The writer-artist-musician-producer talents onboarded demonstrate Ellis-Bextor’s commitment to her vocation in how she balances both compositional substance and hooks aplenty in her songcraft: Hannah Robinson, MNEK, Selena Gomez, Finn Keane, Sam "Karma Kid" Knowles, Shura, Duck Blackwell, Thomas "Kid Harpoon" Hull, Richard "Biff" Stannard, Nile Rodgers (of Chic fame), Janée "Jin Jin" Bennett, Luke Fitton, Caroline Ailin, James Greenwood, Jon Shave, Baz Kaye, Julia Michaels and the cited Ed Harcourt make up Ellis-Bextor’s diverse collaborative court on this outing.
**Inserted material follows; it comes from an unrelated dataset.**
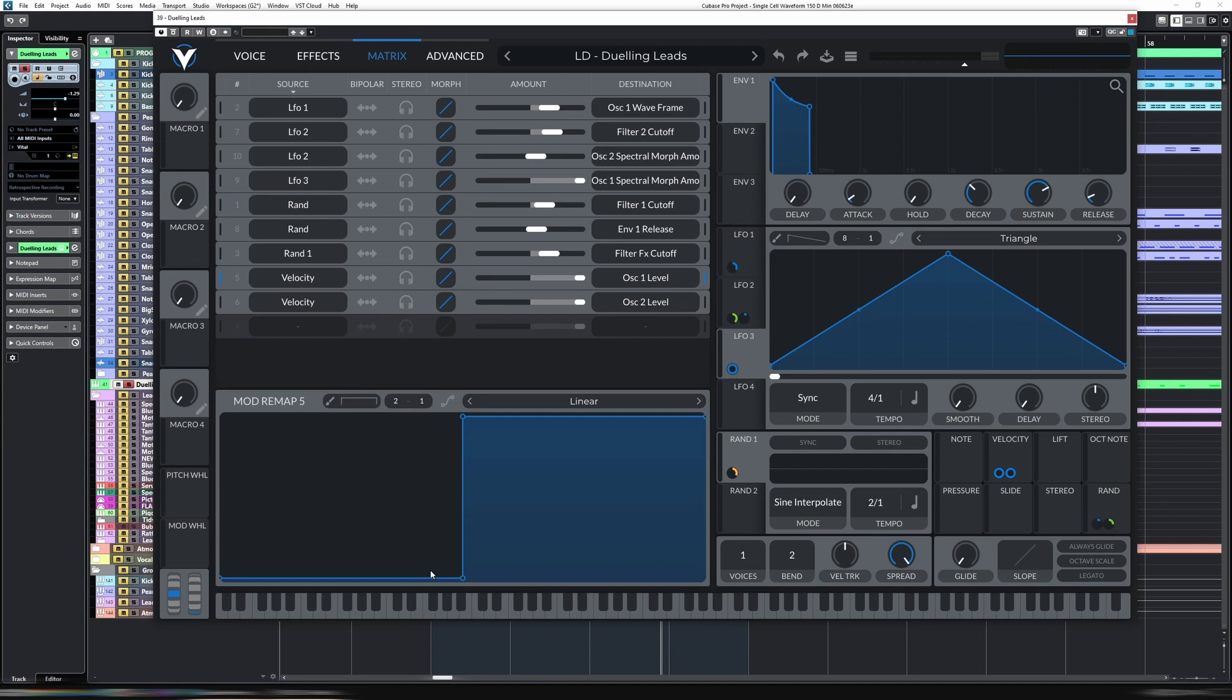So what that means is if you get to velocity, anything less than, let's say, 64 is about here in the middle. Anything less than that, it does absolutely nothing. But then once it hits 64, it doesn't gradually ramp up like you normally would have with velocity.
Studied Ellis-Bextor fans will thrill knowing that she hasn’t lost her way kicking off a long player with a bang as "Relentless Love" evinces. The throwback floorfiller – think prime era Taste of Honey or Baccara – packs a punch with its vivid string charts, coruscating programming and sylph-like beat; genres aside, it sits comfortably alongside prior notable album starters such as "Making Music", "Revolution", and "Birth of an Empire".
Switching from old and new school modalities gives Ellis-Bextor room on the production front to rope in various elements from song to song. As such, Perimenopop is always an engaging listen.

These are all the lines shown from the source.